You figure, when you get the house sorted, then you'll be ready. Or maybe after the winter, when the sun comes out and you can stand being outside more.
You feel like you just need to get that annoying script out of the way before you can focus on the one that's truly 'you'. You'll just act in one more zombie film before you really take the time to figure out what you really want to be involved in.
It always manages to be five miles further down the road.
It's a bizarre side effect of creativity --- you always feel like you're doing the thing you need to do, so that you can get to the thing you really want to do.
Even those people who are doing the really deep 'personal projects'. Most of the time they're dying to get them out of the way so they can finally go and do what they really want to do, which is probably a zombie comedy.
I've just completed a project that's been around my neck for half a year that I didn't want to be there in the first place. And another project, something I've put a huge amount of energy and commitment into, is now not going to happen. Although these may sound like negative things, in many ways it's freeing. I feel like now I have the chance to really focus and be me.
The failures are difficult, though. Because you have nothing to show anyone. You can't take them to 'The Museum of Near Misses and Full on Failures', all you have is a blank space where an accomplishment should be.

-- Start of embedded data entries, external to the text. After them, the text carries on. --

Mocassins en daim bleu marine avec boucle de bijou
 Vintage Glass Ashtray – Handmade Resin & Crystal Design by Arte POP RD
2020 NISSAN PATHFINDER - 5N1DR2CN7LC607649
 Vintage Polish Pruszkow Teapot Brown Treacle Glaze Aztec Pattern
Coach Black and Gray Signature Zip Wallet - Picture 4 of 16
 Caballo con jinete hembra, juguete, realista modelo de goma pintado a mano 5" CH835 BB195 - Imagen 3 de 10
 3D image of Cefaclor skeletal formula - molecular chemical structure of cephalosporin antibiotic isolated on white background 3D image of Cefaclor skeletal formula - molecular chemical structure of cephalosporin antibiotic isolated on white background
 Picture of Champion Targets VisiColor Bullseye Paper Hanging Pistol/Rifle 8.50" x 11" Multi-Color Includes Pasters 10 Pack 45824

But then again, everyone has this. The path to success is tempered with rough terrain, full of obstacles and let downs. There are so many bad projects out there, so many terrible people to collaborate with. Can you expect to miss them all out? You can't.
Sometimes we fail because we're no good. Mostly, we're just with the wrong crowd. People are scared of committing to lovers, but throw a producer their way and they'll sign the worst of deals. I signed a bad deal in 2007. I wasted two years helping someone else make a terrible movie in 2008 and 2009. After that I tried getting something off the ground with a producer who could never really get to grips with who I was and what I was trying to do.
I only say all this because I feel like many of you will relate to it. Many of you have had hard work, failures and sleepless nights disappear into unaccounted for history. People just don't see the work you put in. You have to counsel yourself through the bad times, cause everyone else thinks you're cruising.